“Meditation” in the popular lexicon is a broad term, encompassing a variety of mindfulness practices and techniques. Focusing your attention on the present, allowing thoughts of the past or future to simply pass through your mind freely—this is what is meant to be mindful.
Meditation does not entail emptying one’s mind of thoughts but rather not becoming attached to them. This can be achieved through several methods: from focusing on your breath or bodily sensations, to repeating a mantra, listening to certain music or chants, or being guided in meditation. Meditation can be done sitting on the ground, on a bed, in a chair, lying down, walking, or in any scenario where one can feel mentally present.
In our increasingly stressful world, learning to be more mindful can be beneficial, decreasing anxiety and stress. The Harvard Gazette reported that in 2015, 16.1 million Americans were experiencing major depression. In the report, Dr. Benjamin Shapero, a psychologist at Massachusetts General Hospital’s Depression Clinical and Research Program, said that while behavioral therapy and antidepressants help many people, there are also many others who do not benefit from these interventions, creating a greater need for alternative approaches like meditation.
Even those not afflicted by depression are increasingly experiencing stress. The American Psychological Association recently reported that the nation has reached a new high point in the nation’s stress quotient. The organization’s “Stress in America” survey found that nearly two-thirds of Americans are stressed over the nation’s future, and more than half are distressed by the divisiveness present in everyday life.

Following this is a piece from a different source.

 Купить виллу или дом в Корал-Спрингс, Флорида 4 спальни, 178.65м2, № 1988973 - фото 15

Reducing stress is one of the most common reasons people try meditation, which can have long-term benefits. Dr. Kate Erickson of Ketchum’s Integrate Internal Medicine, who often recommends mindfulness in her treatment plans for patients, explained that when our stress response is activated, it releases cortisol. If this becomes chronic, constantly elevated cortisol levels can lead to problems such as hypertension, high blood sugar, insulin resistance, diabetes, and other conditions.

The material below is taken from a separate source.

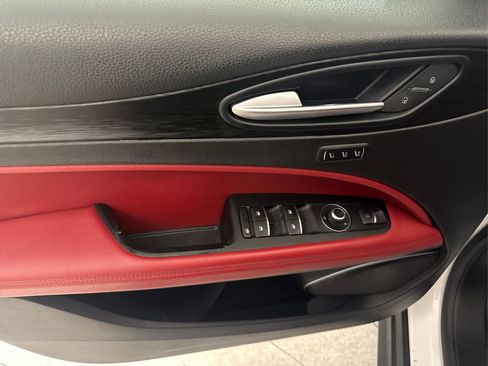 Used 2019 Alfa Romeo Stelvio RWD image 29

Dr. Cory Szybala of Sun Valley Natural Medicine explained that his practice often recommends mindfulness and meditation because they address one of the most fundamental drivers of chronic disease: dysregulation of the nervous system. “This dysregulation contributes to a wide range of physical, emotional, and cognitive issues,” he noted. “Practicing mindfulness and meditation can help to activate the parasympathetic nervous system—our ‘rest and digest’ mode—supporting the body’s natural healing capacity.”
The mind–body connection is borne out in the research. A 2018 Harvard study published in the Journal of Alternative and Complementary Medicine showed that the mere act of clearing your mind for 15 minutes a day alters how your genes operate. Researchers found that people who meditated over an eight-week period had a positive change in the expression of 172 genes that regulate inflammation, circadian rhythms, and glucose metabolism, which, in turn, led to a meaningful decrease in blood pressure.

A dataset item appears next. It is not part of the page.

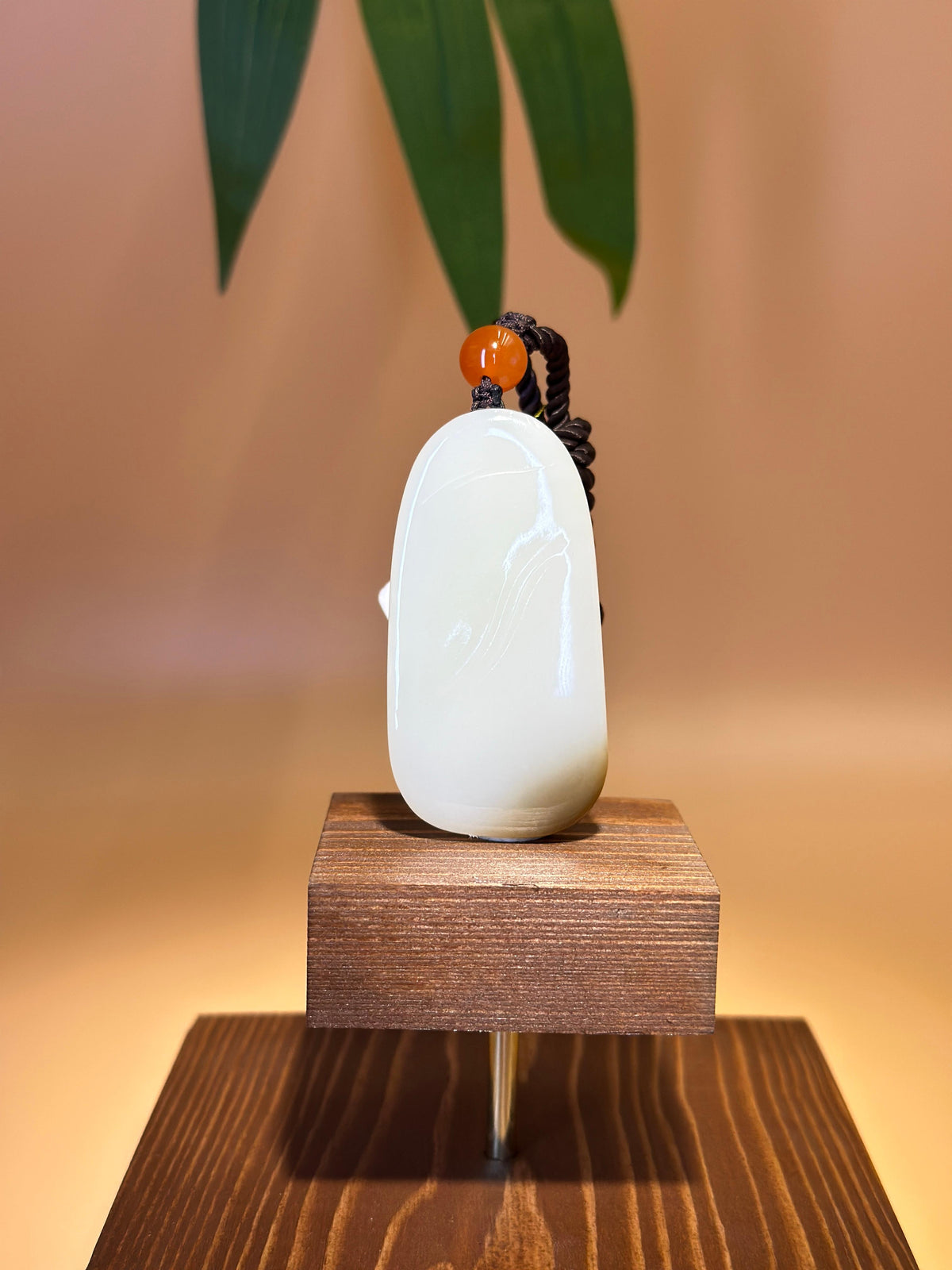 和田玉.糖白料俏色巧雕吊坠（yc772380）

This isn’t to say that meditation is the end-all, be-all answer to every ailment, but it is certainly a good practice to incorporate along with medical recommendations from one’s doctor.
“Everyone can benefit from including a mindfulness practice into their daily routine/ritual,” said Szybala. “We see mindfulness as a foundational lifestyle tool—one that empowers patients to build resilience, develop body awareness, and create space between stimulus and response. It is the reason most of us live here; we can find mindfulness in hiking, biking, walking, sitting, and just being in nature—either alone or with friends.”